I have to admit, I think I'm a lazy reader. I've promised to work hard, and not fail as a reader with this novel. However, I don't like working hard! I like the writing in a book to be beautiful, smooth and flowing. Then, I can focus on the characters and the story and the issues. With Foal's Bread, the writing is clunky - that's the word I've used before, and will continue to do so. Last week, I explained that I think I've overcoming the clunkiness by reading slower. Reading slowly just frustrates me.
   However, this week, with physical and conscious effort (which is why I am panting with exhaustion as I write this blog), I ignored the writing and focused on what I think Mears is trying to do. It really helped me to read some other reviews of this book, and to do some research into Mears herself.  I can now appreciate the subtlely. Although the characters still irritate me, I can have more insight into why they are the way they are.
   Spoiler alert
   I can't feel a happy ending coming. If Noah somehow deals with her abuse issues and emotional distance, gets over her loneliness and jealously, and everyone lives happily-ever-after, I will be very disappointed.
   The mother-in-law Minna continued to think that the sun shone out of her son's you-know-what. When he died, her bitterness and hatred towards Noah is palpable. She's isolating Noah, treating her like a working animal, or worse. She even says to Noah that it should have been Noah that died, not Roley.
   Noah's behaviour is unforgivable, though. I understand what's driving her to drink, but I don't understand why she's taking out the anger and disappointment she feels for herself, on her daughter, who appears to be the only one left who loves her. It was also interesting how Mears barely mentioned Noah whilst Roley was deteriorating, bed-bound, and dying, except when she was suggesting getting some arsenic into him, or was forcing open his jaws to force feed him whilst he was trying to starve himself. Noah's cruelty is also getting worse, and she continues to tie her son up on a running rope, like a dog.
   My favourite parts this quarter were:

  • The 'irresistible glee of betrayal' that Ralda felt when dobbing Noah into Minna, was described as 'stalking in under her apron cord'.
  • When Mr Cousins says to Minna 'love your own but respect everybody else's'.
  • When Roley dies, to radio works for a couple of seconds even though the batteries are dead. Roley's dog is jumping up and down into the air, as if to greet him. And a ring of light ascending into the sky is seen by Lainey and Minna, and Lainey gets the feeling that her father is galloping on horse back.
  • Getting George's pony into the truck by linking arms behind its rump. I remember having to do something similar whenever a horse wouldn't go into the float. A bit of pressure applied to its rump, by either linked arms or a rope, works a treat.
  • Lainey referring to dressage with distain - 'circles and riding neat figures of eight on the flat'.
  • Lainey taking off the spurs, and realising she doesn't have to be exactly like her mother.
  • Lainey learning that the 'impossible becomes possible when the valley inside your belly lays itself open': what a beautiful concept.
  • Noah's jealousy being described as a front hoof crack.
  • All hope at One Tree is gone and symbolised through the cracking of the 'hope on, hope ever' plate.
Although I did some searching, I don't know what Wizard Lighting is. It seems like some kind of piped gas system.
   Also, I'm not sure what Chalcey and Chalcedite means. Was it the name of the original family that bred this particular kind of horse or colour?
   And what rhyme went Flackety-Flack?


  1. The quote about the impossible becoming possible caught my attention to. This week's reading wasn't quite such hard work for me.
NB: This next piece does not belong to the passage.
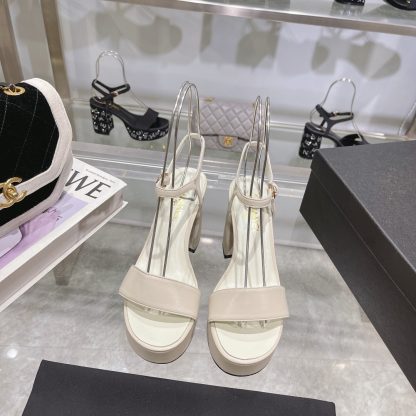 Chanel Early Spring Off-White Round Toe Colored Brick Slimming Sandals Heel Height 9cm - Image 4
  2. I also commented on Chalcedite - I still don't know what it means and thought I had missed something. We are having to work as readers but if I hadn't been part of the Readalong it's more than possible that I wouldn't have persisted. I am now glad that I have.

  3. One of the best things about doing this readalong is reading other people's reactions and how that impacts on my thoughts and interpretations of what I'm reading. I really love the writing and have become attached to the characters and what happens to them, even the ones I don't like at all! Looking forward to reading your final thoughts next week :-)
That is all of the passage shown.